So these are the two threads. And if we execute the threads following this order
meaning that we execute entire computations of T2 after T1, we will compute 2
for the global variable, G, at the end. Okay? So G is 2.
But if for some reason Statement 4 is executed before Statement 3 due to a
different kind of scheduling, we'll have G equal to 1 at the end. Okay? So this is a
very simple example. And I want to illustrate for a concurrent program the order
of the race, or whether Statement 4 is executed before Statement 3 or after
Statement 3 is the key to deterministic replay. So we have to restore a particular
race order to be able to produce the same program output. So this is the sort of
essence of deterministic replay that we need to catch or need to restore the order
of race as illustrated by this example, otherwise, the computation result will be
different.
All right, so let me just illustrate the first solution which is a very intuitive solution
in that we can just record the order of race directly. Right? So if the order is
important, let's just record the order. So here suppose that the order is that
Statement 4 happens before Statement 3. And since we're doing user-level
recording we're going to insert some instrumentation code and try to record this
race order. So by sort of inserting this instrumentation we hope to reproduce a
log of 4, 3. Right? So the order is that 4 executed first followed by 3. But again,
since we're doing user-level instrumentation, our instrumentation code also
suffers from the [inaudible] of the scheduling so that our instrumentation code
can be executed later than the other instrumentation code on T1, on Thread 1.

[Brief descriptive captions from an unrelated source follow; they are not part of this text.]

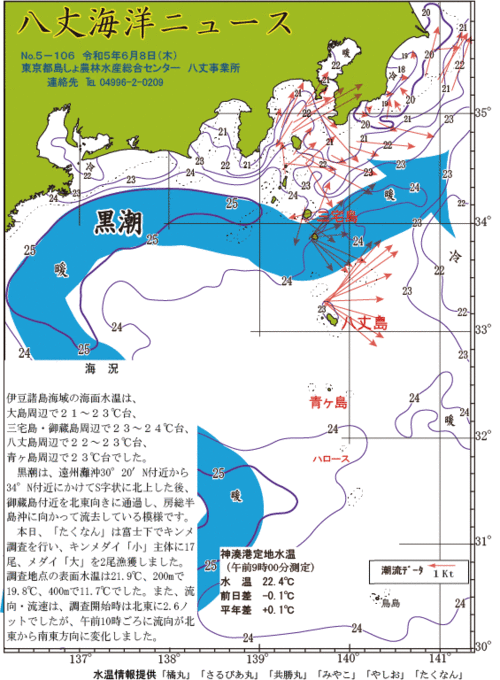 2023年6月8日八丈海洋ニュース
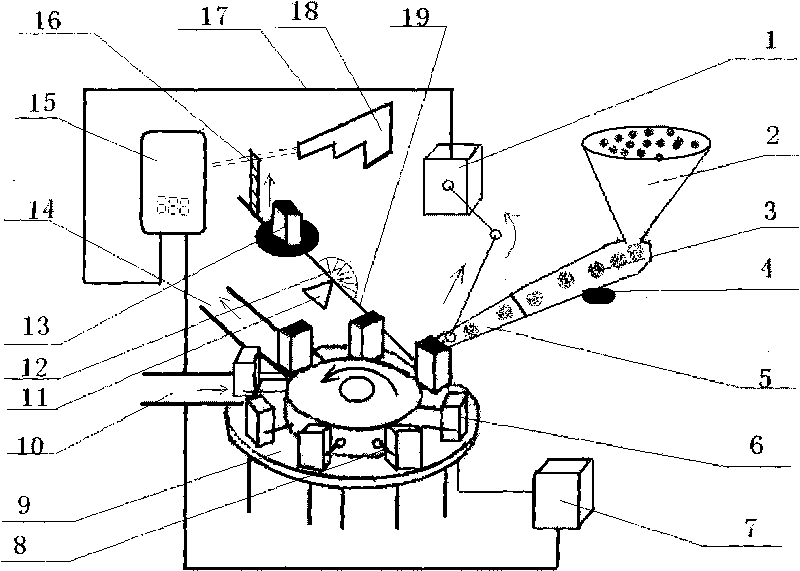 Photoelectrically controlled industrial weighing device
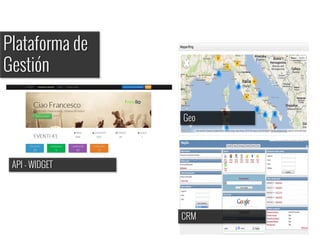 Plataforma de
Gestión
API - WIDGET
Geo
CRM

This would produce a lock of 3, 4. So if we use that lock to replay this whole
program, we know that, as shown by my earlier illustration, that we're going to
produce a different result. So this is a very simple illustration of the problem with
user-level instrumentation.
So the common practice is we had to somehow make the instrumentation at the
actual statement to execute atomically or have to use some kind of
synchronization. And for people who know about concurrent programming, we
know that adding additional synchronization is really, really bad.
Here I want to illustrate another solution to solve the problem: we do not use any
synchronization but instead I'm going to record the values that we read or write
for each of the shared variables. Okay? So in this case we can record that T1
reads G and the value is zero and writes to G the value is 1. So from these
values we can sort of reason that the first statement with T1 cannot happen after
this last statement of T2 because the value is zero, otherwise, the value would be
1. Right? So this is a very simple example to illustrate that it's possible for us to
find a schedule given thread-local/store value just by searching.

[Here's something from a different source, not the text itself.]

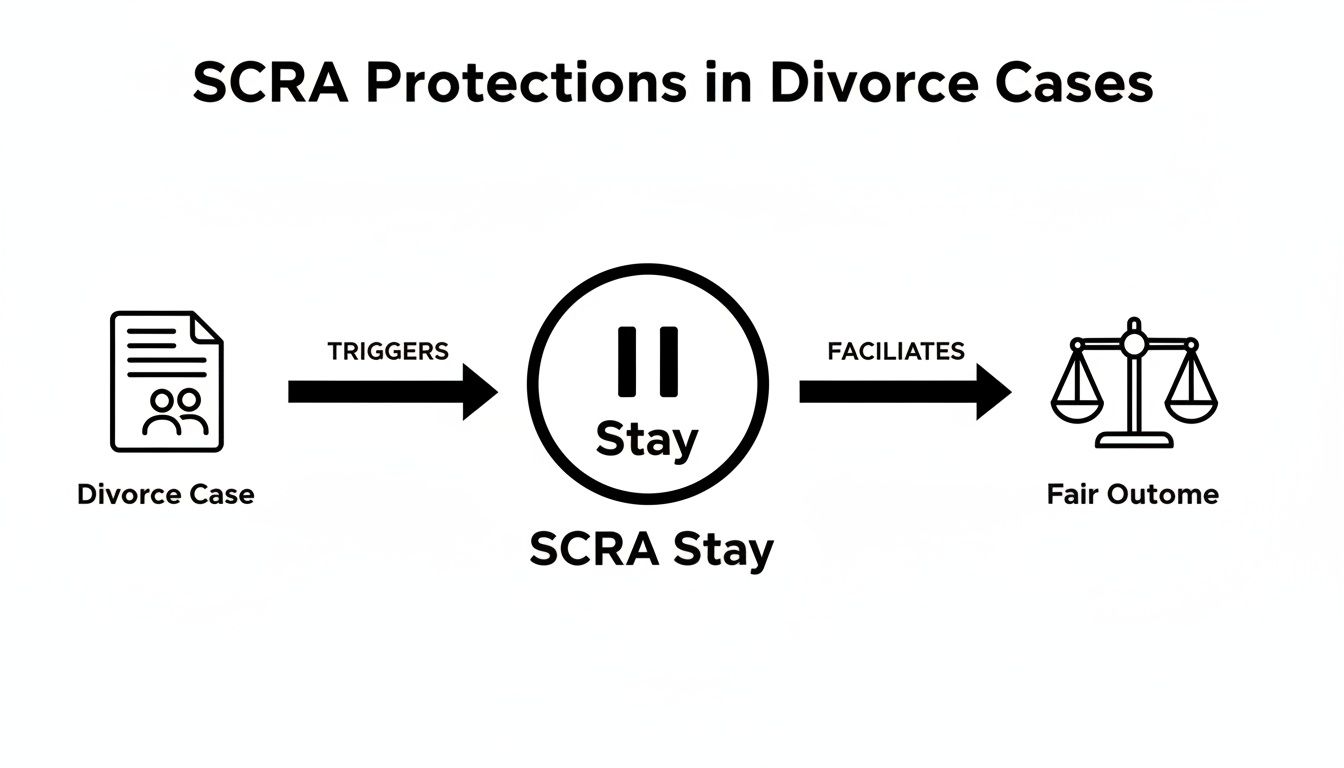 A flowchart showing a divorce case triggers an SCRA stay, which facilitates a fair outcome.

So just to make sure we find a schedule that is correct, for example, sequentially
consistent. Gibbons et al. proved this many years ago that this problem is NPC.
Okay? So we can do it but it's an NPC problem.

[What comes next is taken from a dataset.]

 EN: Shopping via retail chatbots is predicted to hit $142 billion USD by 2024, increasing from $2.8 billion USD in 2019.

So let me summarize what the example is trying to say. The example shows you
an order-based solution where we tried to record the thread-access orders. We
explicitly track all the read-write dependencies, and we can guarantee to replay
the execution. But we need to use locks, a lot of them. So this is really, really
bad.
Or we can try the search-based solution. We can infer the read-write
dependencies through the load/store values, require no use of locks, but it's an
NPC problem which means it doesn't scale. It means that we cannot always
produce a reasonable schedule, so we're losing the determinism.
>>: So help me understand why it's NPC.
>> Charles Zang: Well, it's not...
>>: The reconstruction is NP complete?
>> Charles Zang: So as I stated here given the thread-local load/store value
trace like the ones that I show here, to decide if there is a schedule that's
sequentially consistent, it's an NP complete problem. So this is shown in...
>>: Okay, so...
>> Charles Zang: ...the [inaudible] paper.
>>: ...[inaudible] that 1, 2, 4, 3, 5, 6. That’s [inaudible].
>> Charles Zang: Yeah, so if you assign a schedule order, which one executes
first, if you want to assign a total order to represent a schedule for these
statements, it's an NPC problem if you only have the value trace. Okay?
So I illustrated an order-based solution. I illustrated a search-based solution. And
the prior art for user-level deterministic replay is primarily order-based. Okay?
And the representative techniques are called Dejavu and Recplay, and let me
just briefly give you some information about these related works so that you can
understand our contribution a little bit better.
So to talk about the related work and also our contribution, I'm going to use a
slightly more sophisticated example as the one here that involves two branches.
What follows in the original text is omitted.